== YOUR INSTRUCTIONS ==
Retype exactly the lines of the listing below from the one with "Boeing Business Jet 2 Cockpit" through the last, both included, and leave every picture out.

== GIVEN MATERIAL ==
------------

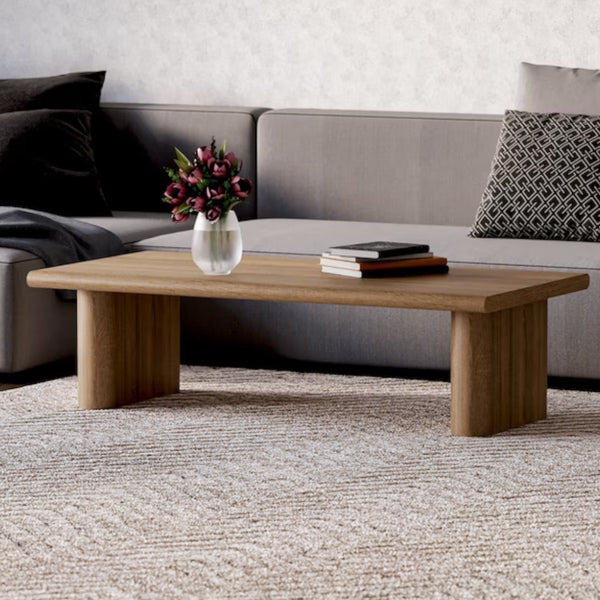 Evella Oak Wood Coffee Table 1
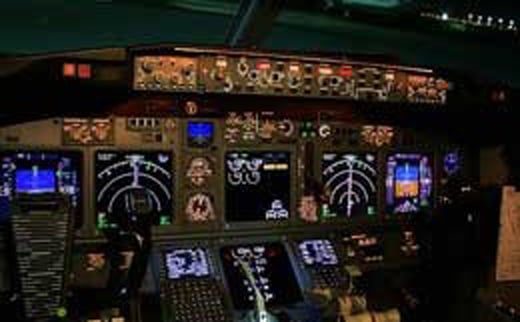 Boeing Business Jet 2 Cockpit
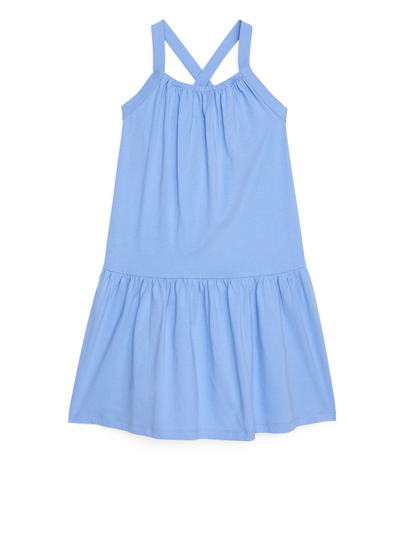 Jersey Strap Dress - Blue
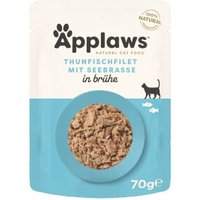 Applaws Nassfutter Katze Adult Thunfisch & Seebrasse 12x70 g von Applaws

------------

== EXERCISE OUTPUT ==
 Boeing Business Jet 2 Cockpit
 Jersey Strap Dress - Blue
 Applaws Nassfutter Katze Adult Thunfisch & Seebrasse 12x70 g von Applaws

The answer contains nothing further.